By DONNA EDWARDS
Ingrid Yang’s future is laid out cleanly before her: Get her Ph.D., marry her fiancé, get a tenure-track teaching job and eventually retire and die of old age.
Her dissertation topic is, of course, the canonical Chinese American poet Xiao-Wen Chou—even though she’s Taiwanese American and has no real interest in his boring, straightforward style of verse.
But when a wrench is thrown into the equation, Ingrid’s life enters a disorienting spiral that brings her very self into question.
Elaine Hsieh Chou’s debut novel “Disorientation” is funny from the get-go, in the kind of humor that is uncomfortable and sits in that discomfort until you have to at least chuckle.

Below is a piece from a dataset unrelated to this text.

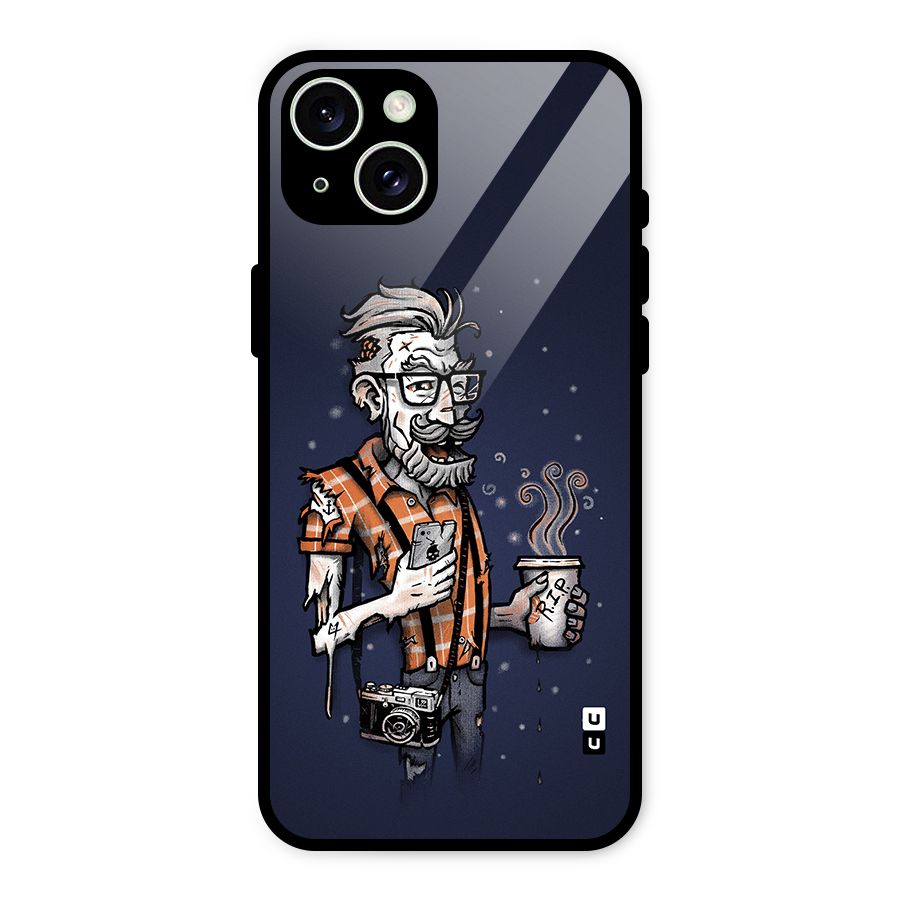 Photographer illustration Glass Back Case for iPhone 15 Plus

Take, for example, Ingrid’s fiance, Stephen. In the paragraph where he is formally introduced, the word “plain” is used six times, plus twice with near synonyms for plain, and finally he is likened to a sex offender when in the correct lighting. “But to Ingrid, he was perfect.” And, honestly, Chou makes a good case for it, which makes their relationship all the funnier.

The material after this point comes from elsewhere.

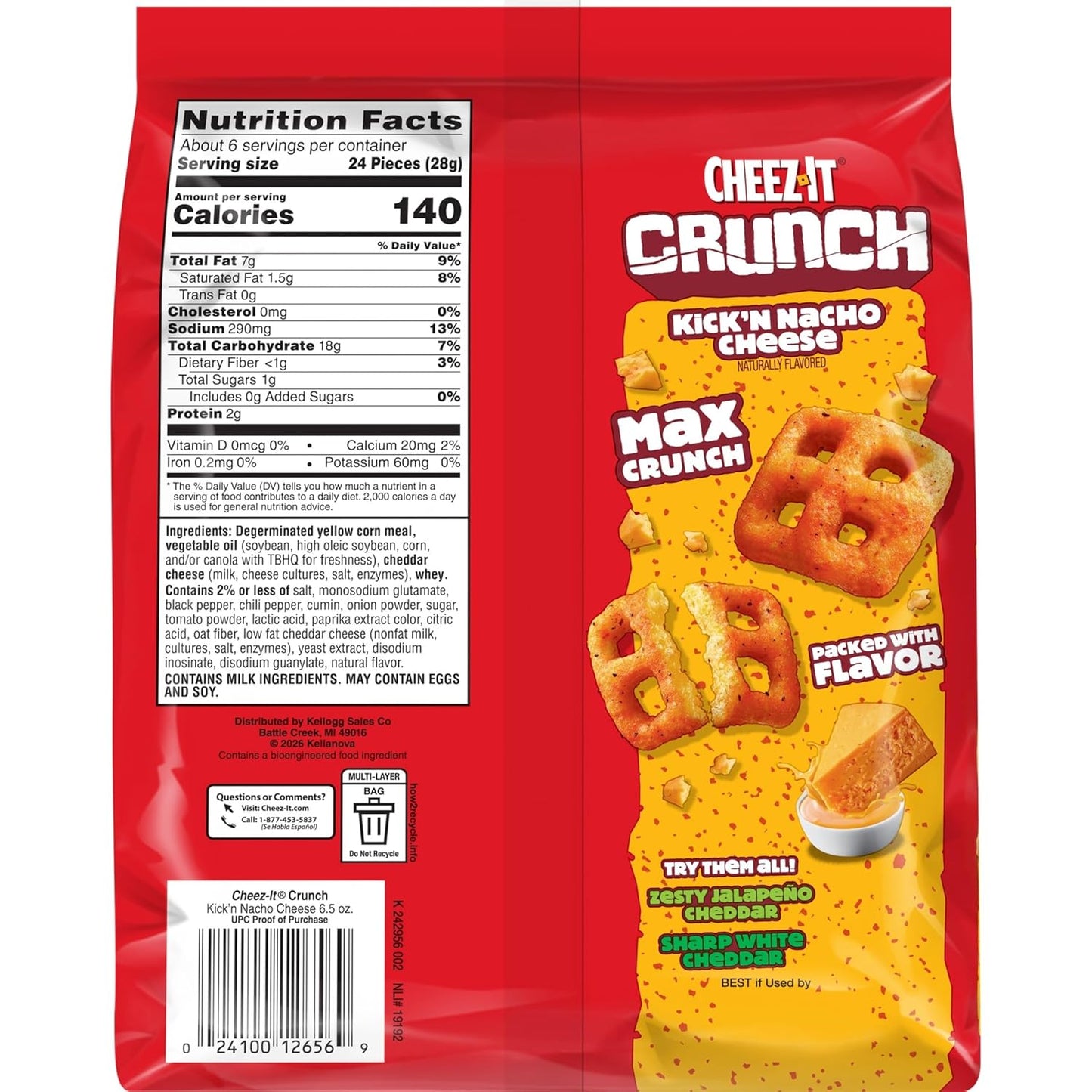 Cheez-It Crunch Cheesy Baked Snacks, Lunch Snacks, Kick'n Nacho Cheese (6 Bags)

OK, maybe not perfect. But nothing in Ingrid’s messy life is perfect. Her stress habits—like itching her eczema-stricken ankle and popping antacids and allergy pills like they’re illicit drugs—are increasing at an alarming rate. But when a mysterious note is left in the Xiao-Wen Chou archive, Ingrid believes she may have uncovered her ticket out of dissertation hell.
Though the story begins comically and simply, the mystery builds and the reveals are dramatic. As Ingrid solves more of the Xiao-Wen Chou puzzle, her world broadens and she begins to confront her often compliant—if not complicit—role in racism. Everything so carefully routine in Ingrid’s life begins to morph; her dissertation, her rivalry with Vivian Vo, her friendship with Eunice Kim, her engagement to Stephen, and ultimately her understanding of herself.
“Disorientation” satirizes academia, PC culture and every other topic it touches, bringing into question the very etymology of its title. Occasionally veering toward absurdity, the novel finds its way back to painful reality in a dizzying-yet-delightful oscillation. With chapter titles like “Chaos in the East Asian Studies Department,” Chou misses no chance to demurely poke fun.
The novel often dips into other genres, embedding college newsroom articles and TV interview transcripts. One such detour is an extended fever-dream courtroom scene, written script-style. It’s situational comedy, as wacky as an actual dream, but beneath the humorously bizarre veneer is a heart-rending analysis of Ingrid’s love life, complete with repressed memories, shame, bitter self-reflection, and a comprehensive list of movies that portray Asian women in a problematic way from the past 100 years.
Though you would never know it from how fun this wild ride is, “Disorientation” is a seminar bursting with lessons on race, gender and culture, complete with a bibliographical Notes section and everything. Chou clearly did her research.